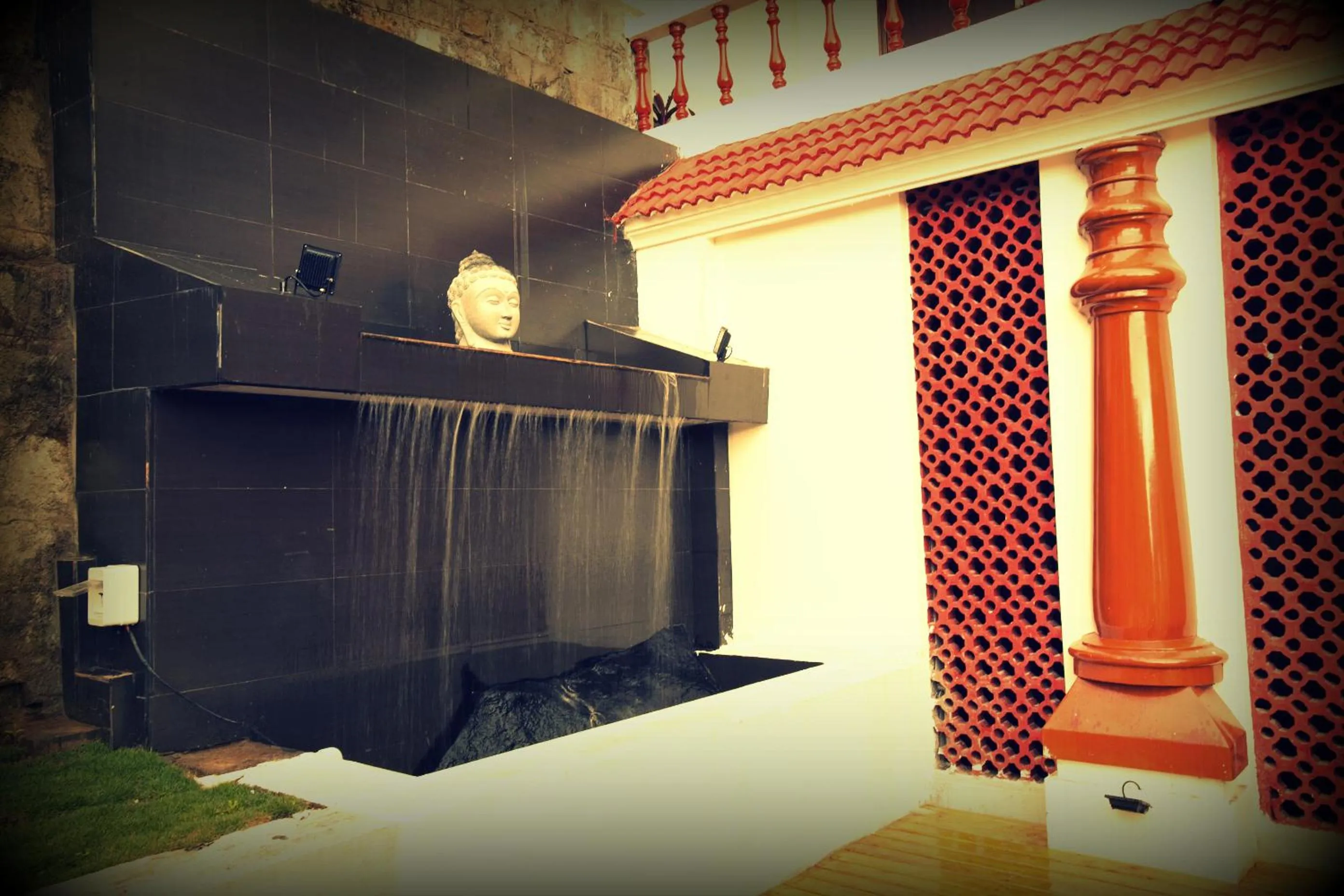 Decorative detail in Summer House Resort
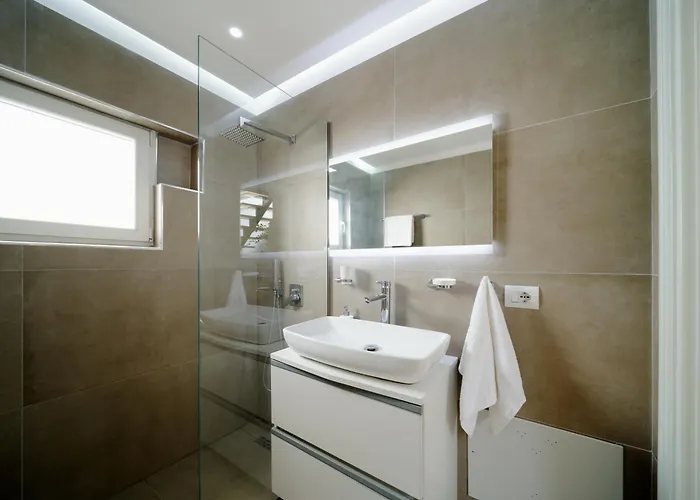 Square Luxury Penthouse 公寓 地拉那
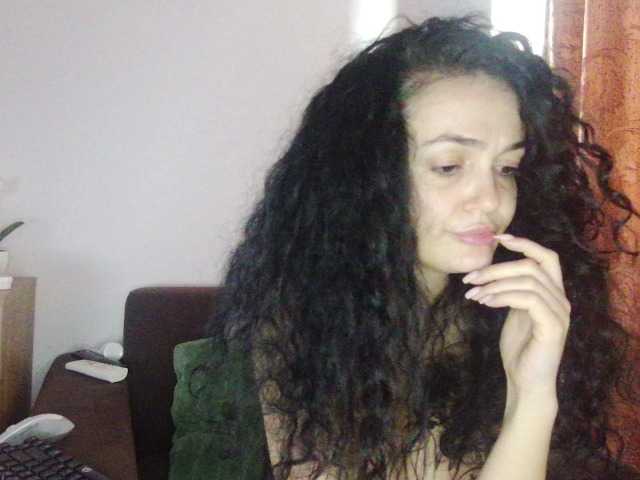 JadeLure's BongaCams show and profile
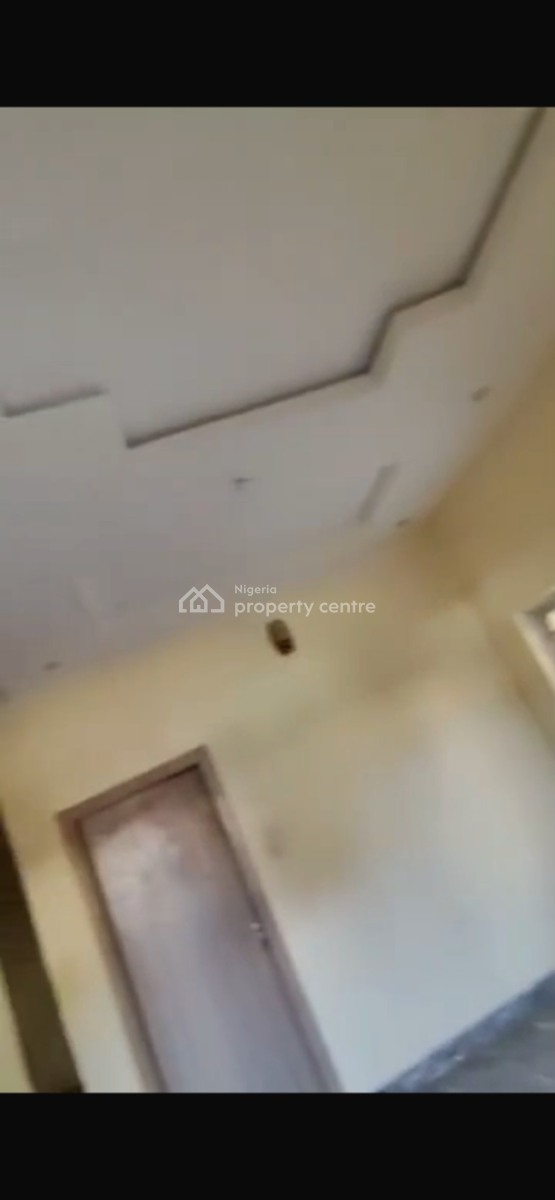 Nice 2 Bedroom Apartment, Adekunle, Yaba, Lagos, Flat / Apartment for Rent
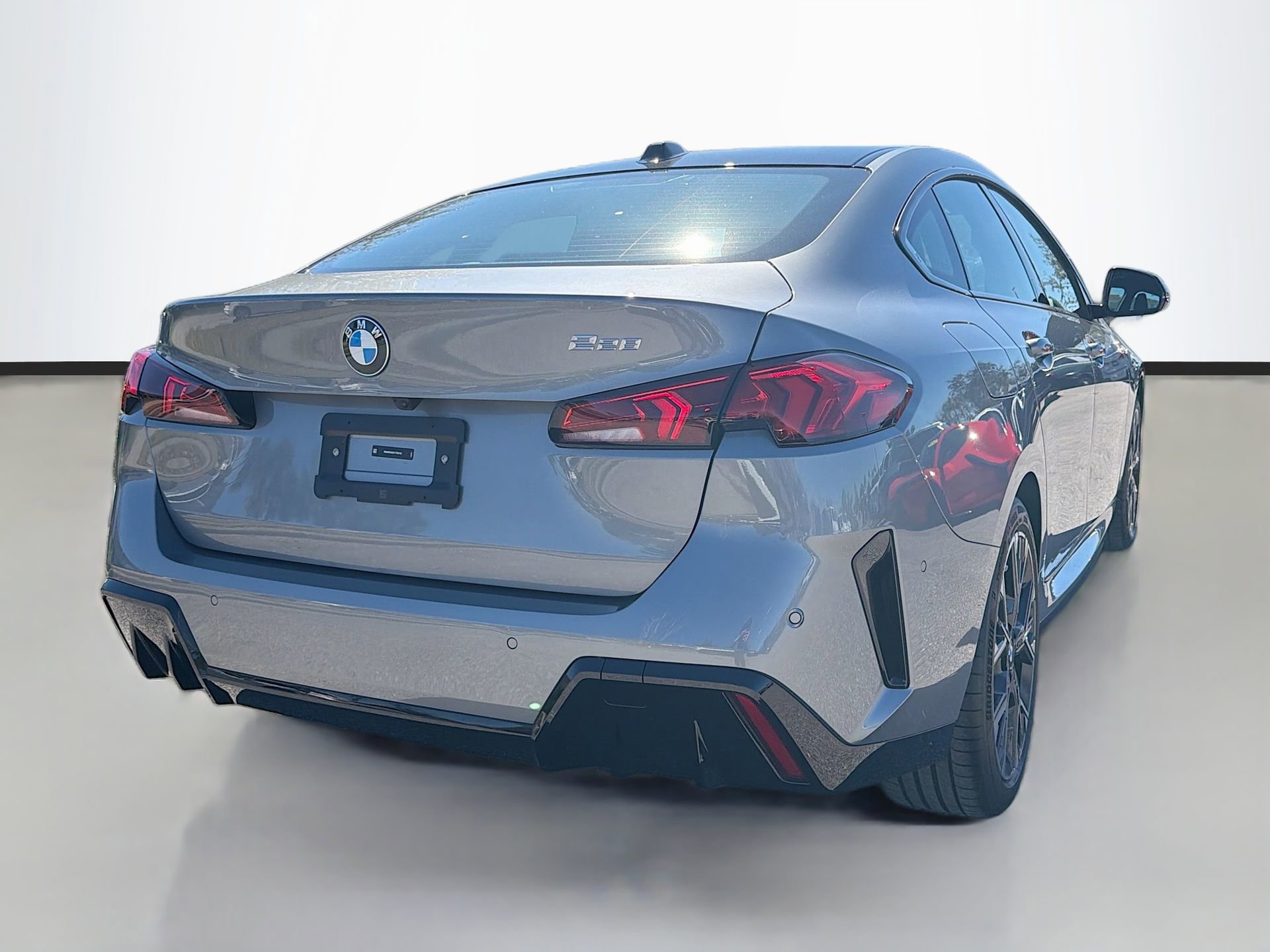 Used 2026 BMW 228i w/ Technology Package image 4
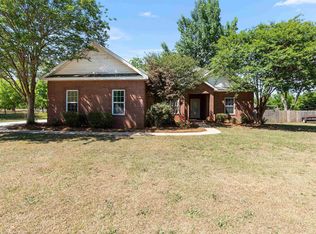 208 Mahan Dr, Perry, GA 31069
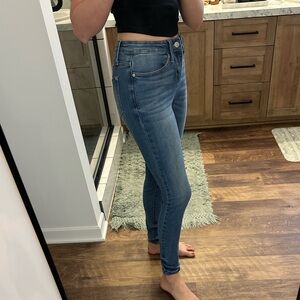 Judy Blue skinny fit size 1/25 high rise jeans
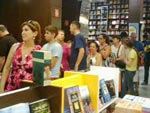 O ltimo dia para fazer compras antes do Natal  marcado por correria nos shoppings de Porto Alegre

########################################

Pictures stay out; retype only the lines from the line containing "JadeLure's BongaCams show and profile" through the end of the listing, inclusive, exactly as they appear.

Response:
 JadeLure's BongaCams show and profile
 Nice 2 Bedroom Apartment, Adekunle, Yaba, Lagos, Flat / Apartment for Rent
 Used 2026 BMW 228i w/ Technology Package image 4
 208 Mahan Dr, Perry, GA 31069
 Judy Blue skinny fit size 1/25 high rise jeans
 O ltimo dia para fazer compras antes do Natal  marcado por correria nos shoppings de Porto Alegre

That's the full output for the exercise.